= Material for this task =
^^^^^^^^

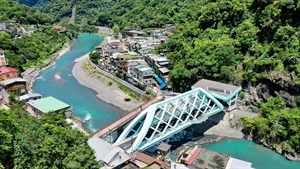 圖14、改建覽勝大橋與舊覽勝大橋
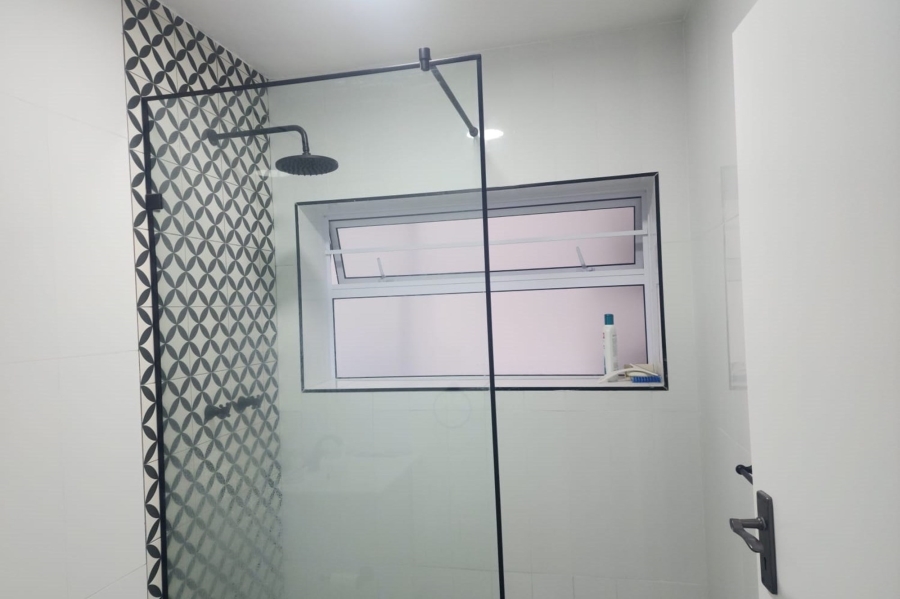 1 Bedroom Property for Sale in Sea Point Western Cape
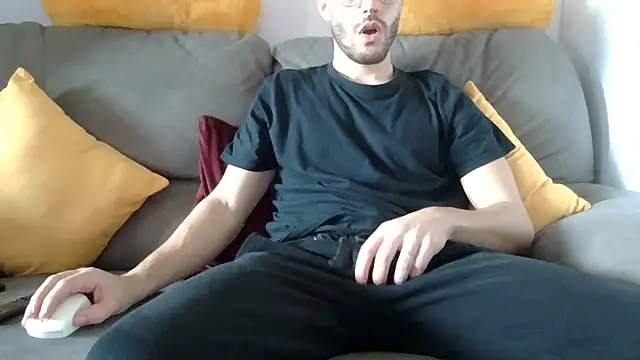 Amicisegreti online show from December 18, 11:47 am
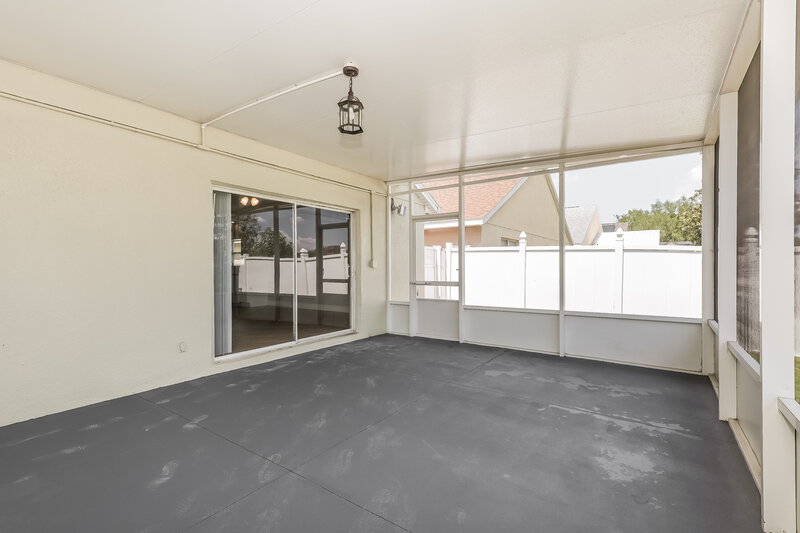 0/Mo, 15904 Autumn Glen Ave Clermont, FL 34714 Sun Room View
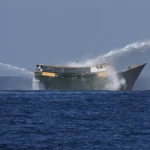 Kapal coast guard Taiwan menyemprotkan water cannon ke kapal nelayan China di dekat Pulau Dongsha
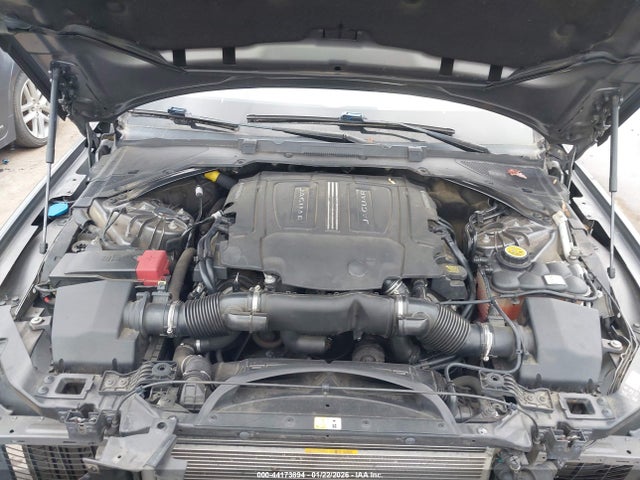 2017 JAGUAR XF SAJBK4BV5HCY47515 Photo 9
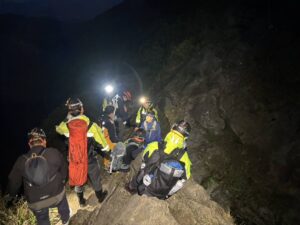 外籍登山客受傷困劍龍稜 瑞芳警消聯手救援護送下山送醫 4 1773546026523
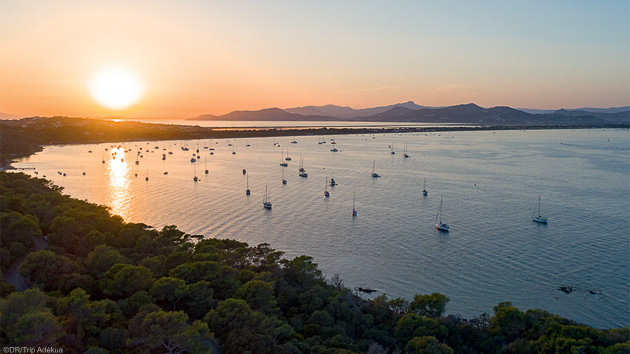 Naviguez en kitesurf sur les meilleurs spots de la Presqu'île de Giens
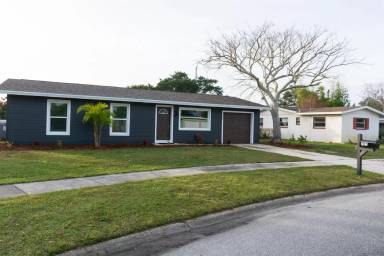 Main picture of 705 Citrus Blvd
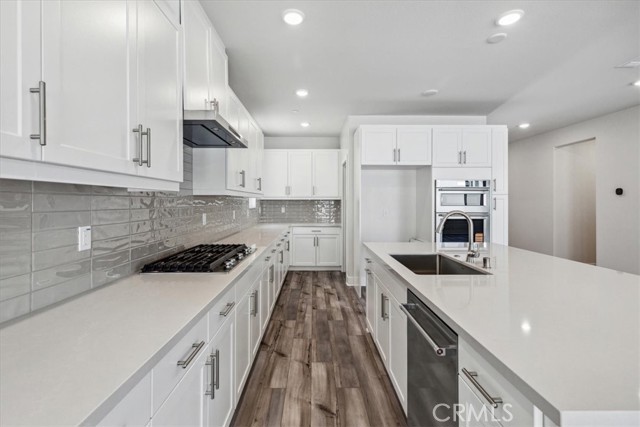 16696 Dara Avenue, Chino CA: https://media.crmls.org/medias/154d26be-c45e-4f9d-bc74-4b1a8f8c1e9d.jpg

^^^^^^^^

Only the lines from the line with "2017 JAGUAR XF SAJBK4BV5HCY47515 Photo 9" through the end of the records belong in your copy. Repeat them exactly, without pictures.

 2017 JAGUAR XF SAJBK4BV5HCY47515 Photo 9
 外籍登山客受傷困劍龍稜 瑞芳警消聯手救援護送下山送醫 4 1773546026523
 Naviguez en kitesurf sur les meilleurs spots de la Presqu'île de Giens
 Main picture of 705 Citrus Blvd
 16696 Dara Avenue, Chino CA: https://media.crmls.org/medias/154d26be-c45e-4f9d-bc74-4b1a8f8c1e9d.jpg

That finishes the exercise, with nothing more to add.